Short text fragments from websites »
···

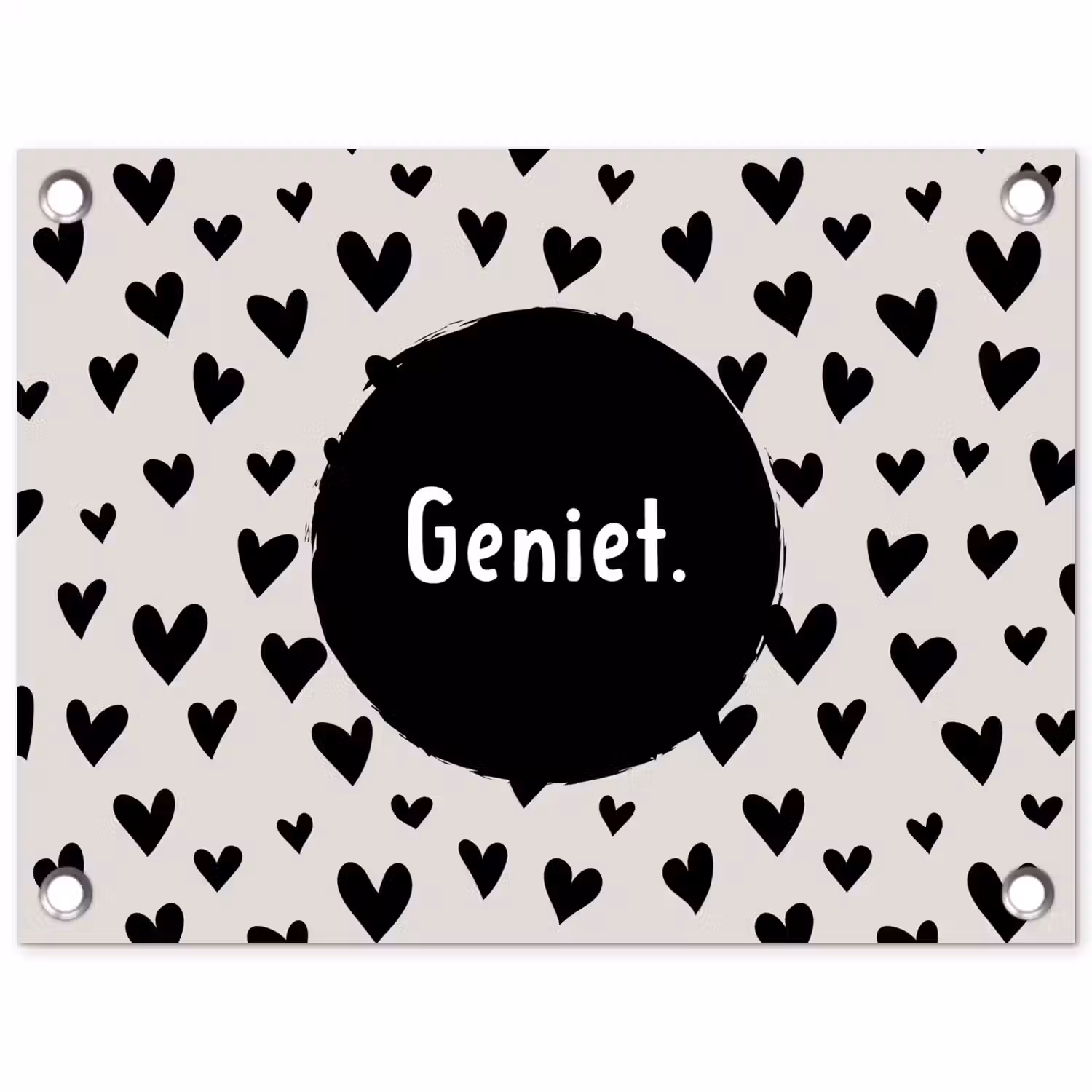 Quotes - Hartje - Tekst - Geniet tuinposter los doek klein -3d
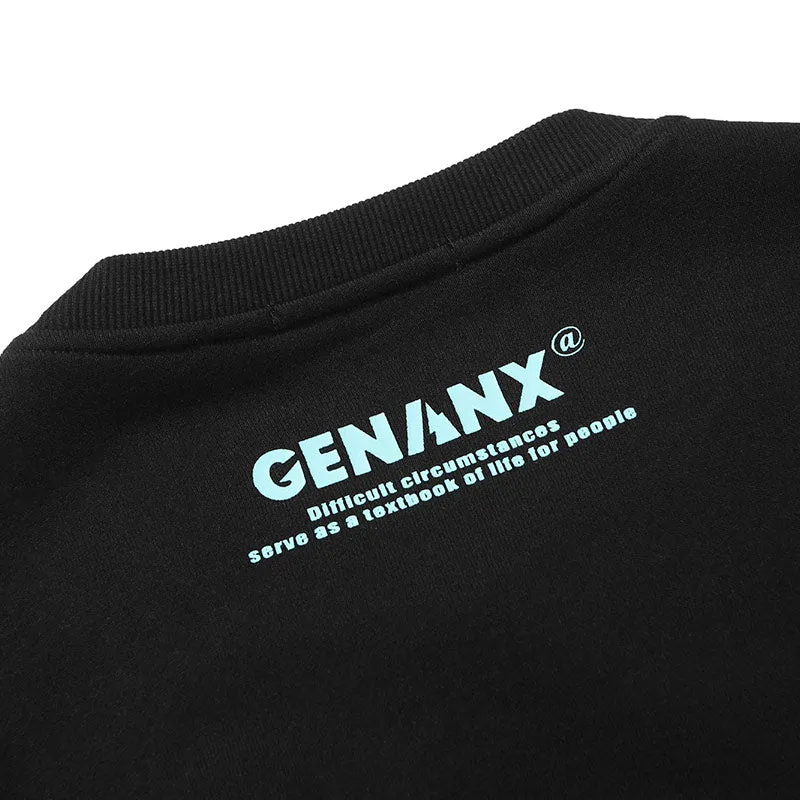 Plain Letter Graffiti Print Crew Neck Knit Sweatshirt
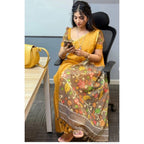 Seduva Women's Linen Printed Saree With Unstitched Blouse 5.5Mtr (Mustard)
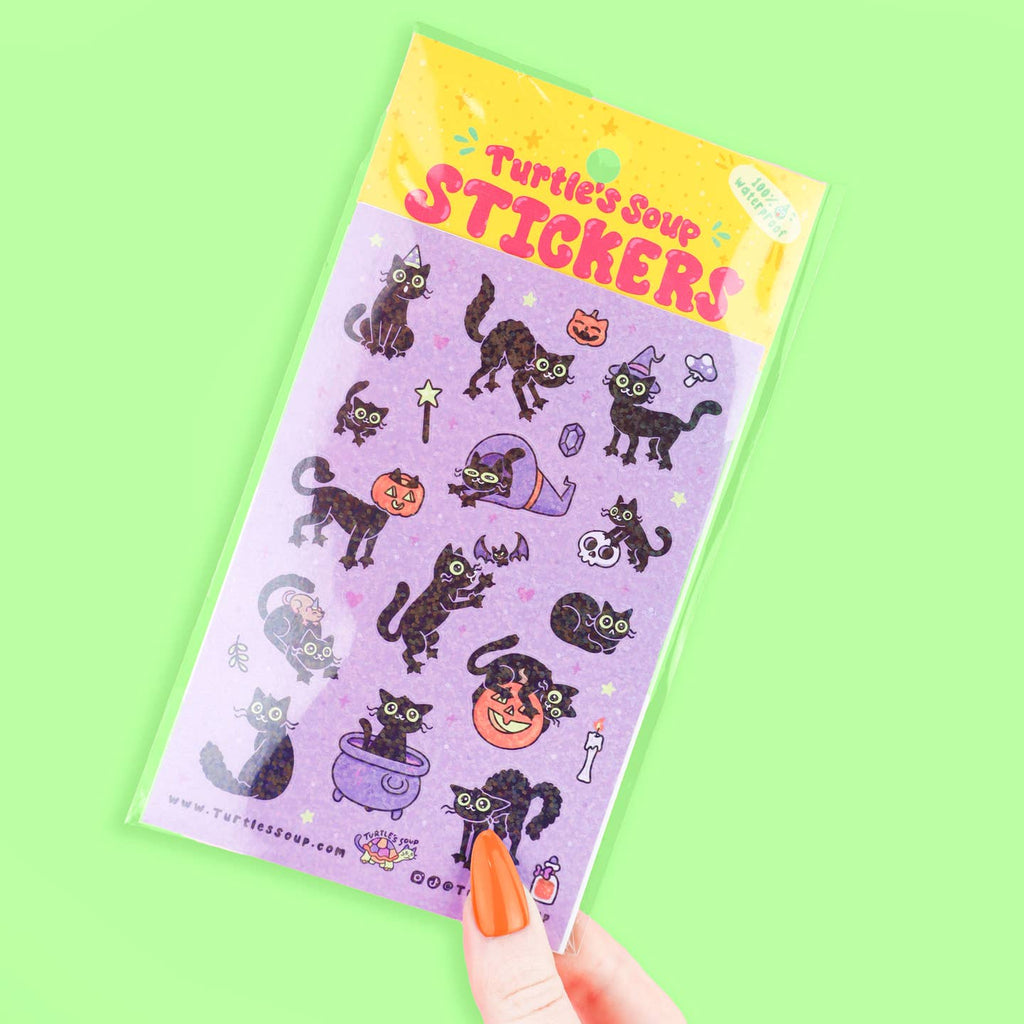 Black Halloween Cats Sparkly Sticker Sheet - Freshie & Zero Studio Shop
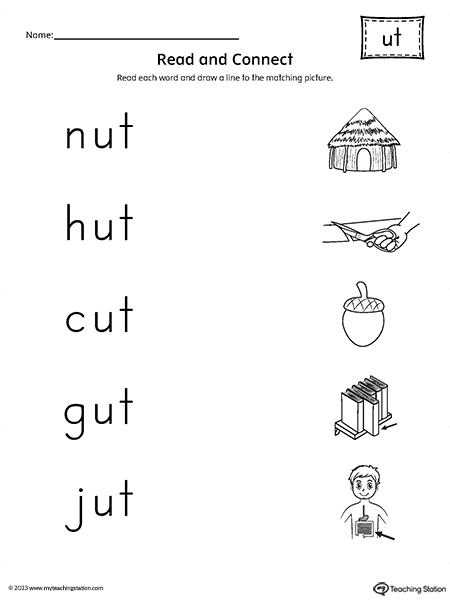 UT Word Family Read and Connect to Image Worksheet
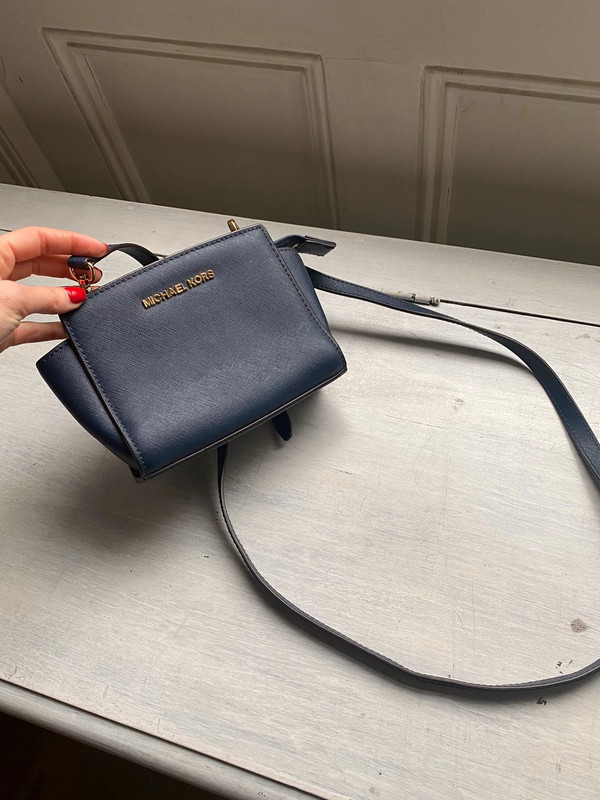 Michael Kors Light Blue Leather Mini Selma Crossbody Bag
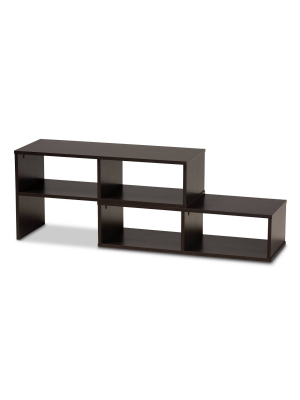 50'' Andor Adjustable Wood Tv Stand Dark Brown - Baxton Studio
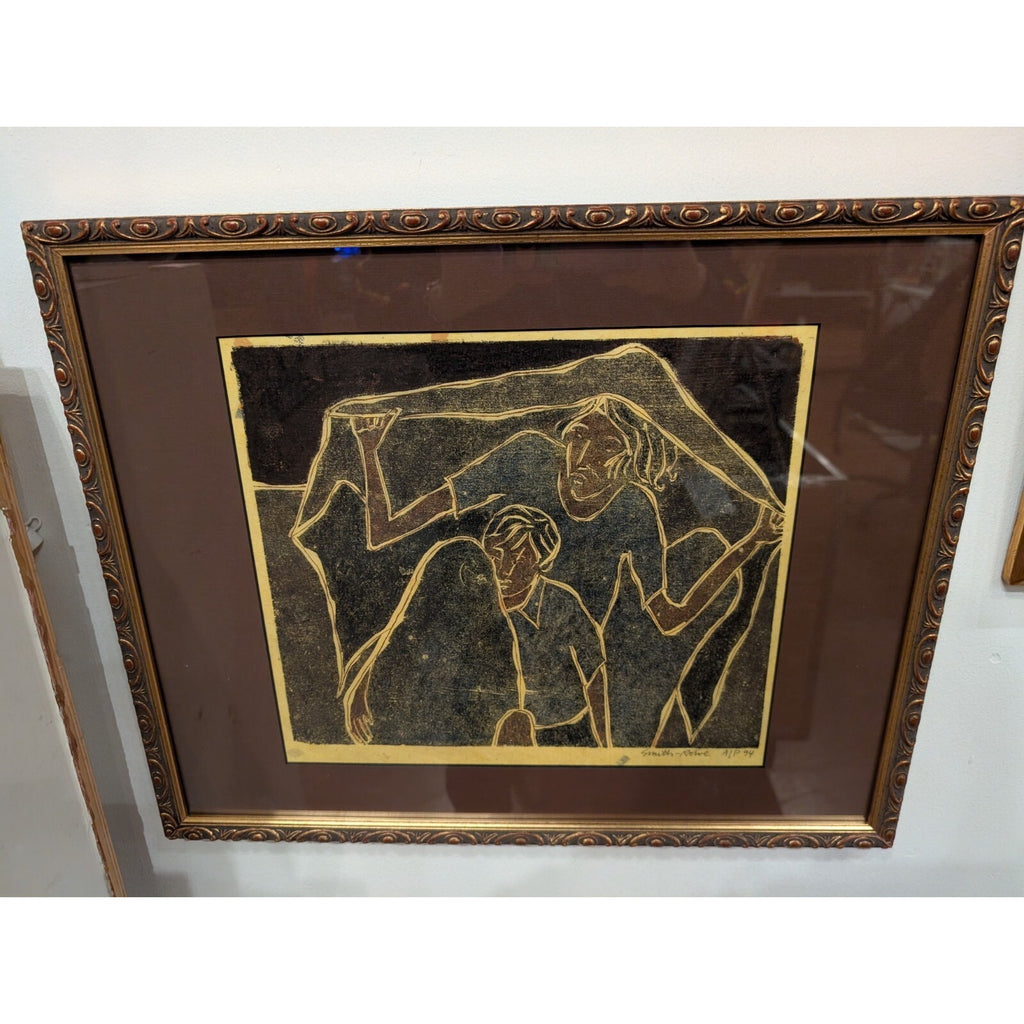Refugee Woodblock Print Mother & Child by Stacie Smith-Rowe Framed Artist Proof
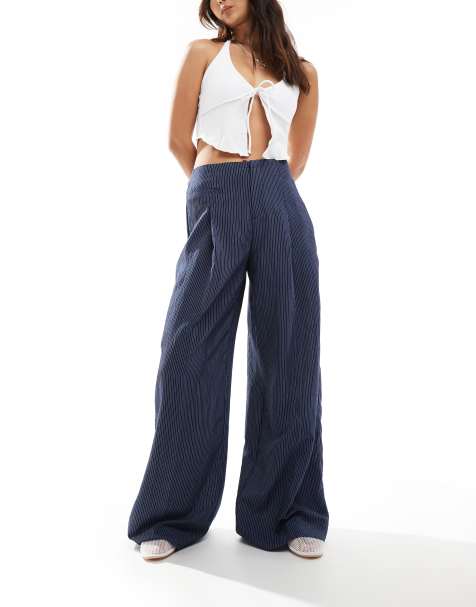 Bershka - Pantalon ample coupe ajustée à taille haute - Bleu rayé - view 1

···

TASK BRIEF » Excluding the pictures, retype the line containing "UT Word Family" and all lines after it down to the end of the data above.

ANSWER TO THIS TASK »
 UT Word Family Read and Connect to Image Worksheet
 Michael Kors Light Blue Leather Mini Selma Crossbody Bag
 50'' Andor Adjustable Wood Tv Stand Dark Brown - Baxton Studio
Refugee Woodblock Print Mother & Child by Stacie Smith-Rowe Framed Artist Proof
 Bershka - Pantalon ample coupe ajustée à taille haute - Bleu rayé - view 1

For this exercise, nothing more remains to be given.